We often begin as pagans engaging in a kind of play-activity. Play is the way that we human beings initiate ourselves into new realities. Play is how animals come to develop into adults. So as children, we come to play at faith. We begin, and our faith is little more than that suspension of disbelief that characterizes theatre-goers, and allows them to enjoy themselves for the duration of the show. But the suspension of disbelief is not something that can last for long unless that confidence begins to take root. And that's what we need to do. We need to get to the point where these names, these holy names that we have begun to use but barely understand --- we barely understand what these names -- Odin, Frigga, Thor --- we barely understand what they mean, for we are children reciting magical formulas that we don't comprehend --- and ground them in existential depth that undergirds our realism and the orientation of our activity. But the more that they take root, and the more confidence that we're willing to put into them, the way that we would put confidence into a dollar bill we were given, and run with it, the more powerful the experiences and possibilities will become. When someone gives you a dollar bill for something you've given, how do you know you haven't just been stolen from? If you took a completely 'atheistic' attitude towards money, you just gave something away. You're not going to get anything in return for it. You just got a piece of paper. But every day, even when we doubt the monetary system, even when we're having questions about it, even when people are telling us that inflation is going up, despite all that, until the point that people actually are taking wheelbarrows full of paper bills to the banks, every day we're acting on it. Can you act on your faith in the Gods with that kind of conviction?

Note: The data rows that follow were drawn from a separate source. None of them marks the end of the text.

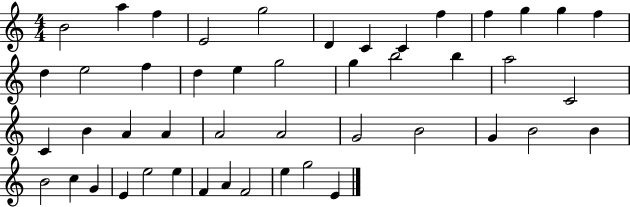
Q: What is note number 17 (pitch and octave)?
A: D5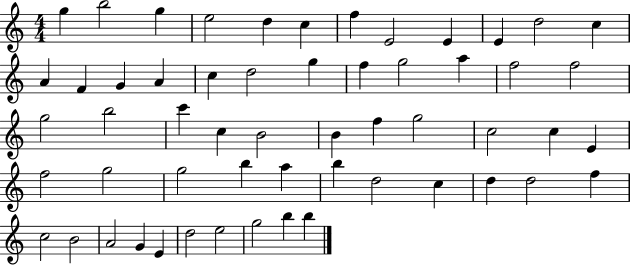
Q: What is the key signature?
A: C major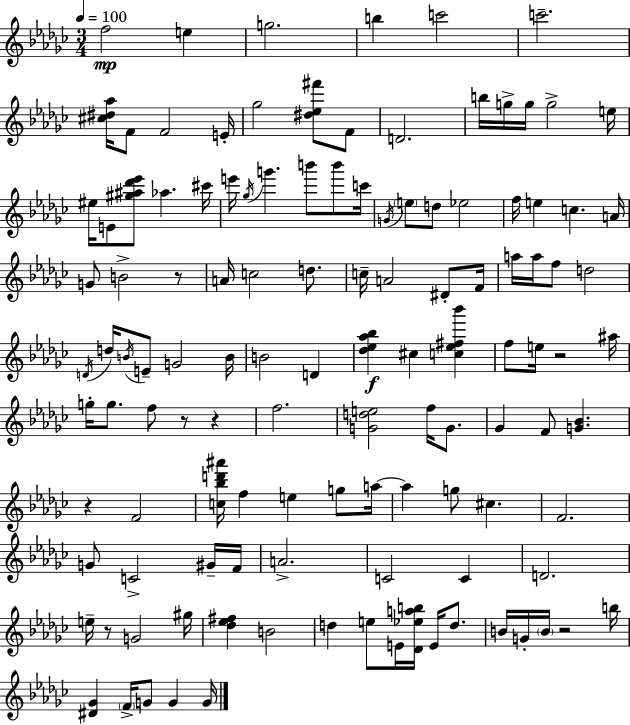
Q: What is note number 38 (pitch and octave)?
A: A4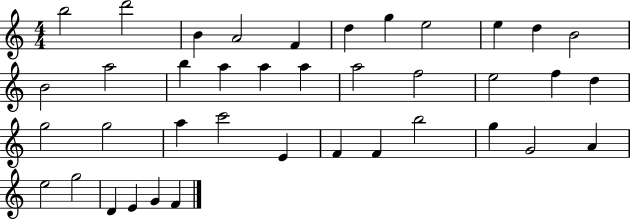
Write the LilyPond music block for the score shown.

{
  \clef treble
  \numericTimeSignature
  \time 4/4
  \key c \major
  b''2 d'''2 | b'4 a'2 f'4 | d''4 g''4 e''2 | e''4 d''4 b'2 | \break b'2 a''2 | b''4 a''4 a''4 a''4 | a''2 f''2 | e''2 f''4 d''4 | \break g''2 g''2 | a''4 c'''2 e'4 | f'4 f'4 b''2 | g''4 g'2 a'4 | \break e''2 g''2 | d'4 e'4 g'4 f'4 | \bar "|."
}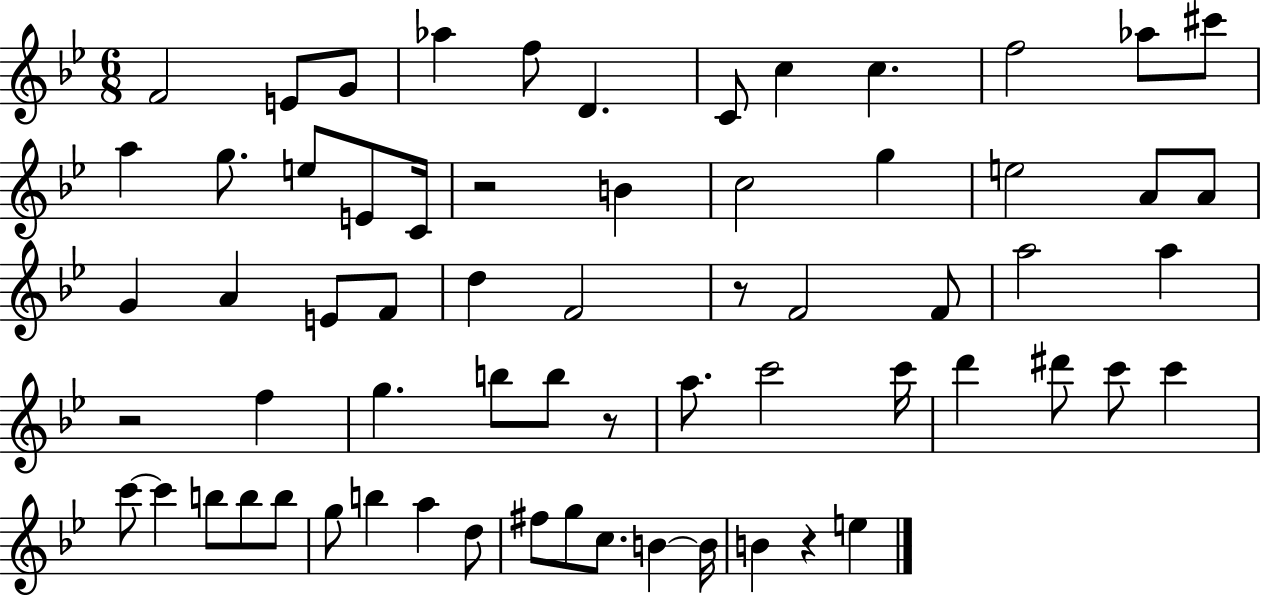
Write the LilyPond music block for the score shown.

{
  \clef treble
  \numericTimeSignature
  \time 6/8
  \key bes \major
  \repeat volta 2 { f'2 e'8 g'8 | aes''4 f''8 d'4. | c'8 c''4 c''4. | f''2 aes''8 cis'''8 | \break a''4 g''8. e''8 e'8 c'16 | r2 b'4 | c''2 g''4 | e''2 a'8 a'8 | \break g'4 a'4 e'8 f'8 | d''4 f'2 | r8 f'2 f'8 | a''2 a''4 | \break r2 f''4 | g''4. b''8 b''8 r8 | a''8. c'''2 c'''16 | d'''4 dis'''8 c'''8 c'''4 | \break c'''8~~ c'''4 b''8 b''8 b''8 | g''8 b''4 a''4 d''8 | fis''8 g''8 c''8. b'4~~ b'16 | b'4 r4 e''4 | \break } \bar "|."
}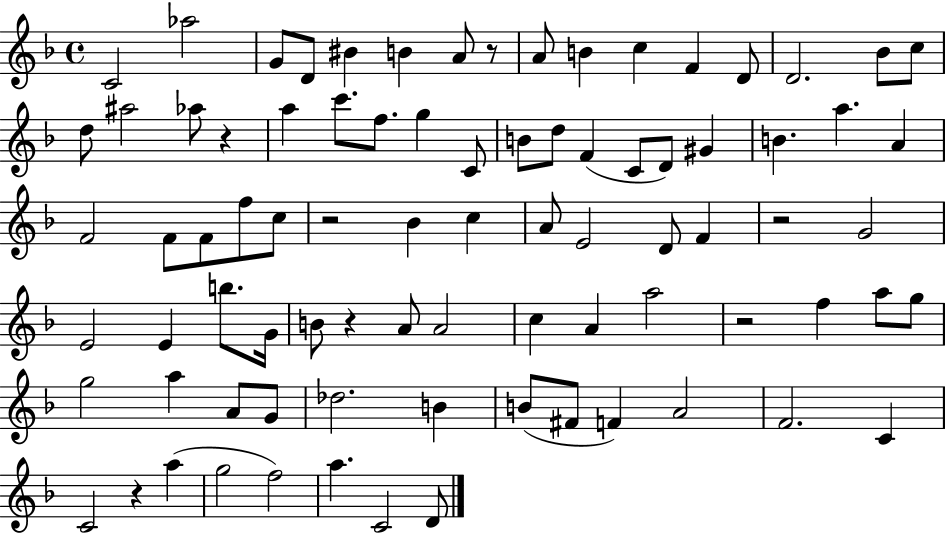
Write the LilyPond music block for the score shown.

Can we get to the point where we can see that it was our orientation that was out of touch with reality? The orientation that we thought was realistic. The "realistic" orientation that stands in the way of our confidence in the spiritual reality about us. It was our thought that the Earth was not alive that has been at the root of so many of our problems. It was the lack of faith that spirit permeates this world that has allowed us to devoid it of the intelligence with which we could enhance our rationality! That shamanism and analysis don't have to be at loggerheads! They can work together. If we will invest faith, find the roots of faith, then faith will no longer be contrafactual. It will instead be rooting into the ground and searching and seeking the deeper roots of reality, the deeper realities, and we will no longer be attacking symptoms! Realism will no longer be a matter of looking at symptoms, but a matter of going for the roots of things. This is radical faith, radical because the word "radical" means to go to the radix, to the roots. That's where faith becomes powerful, and it is absolulutely a part of our heathen sensibility.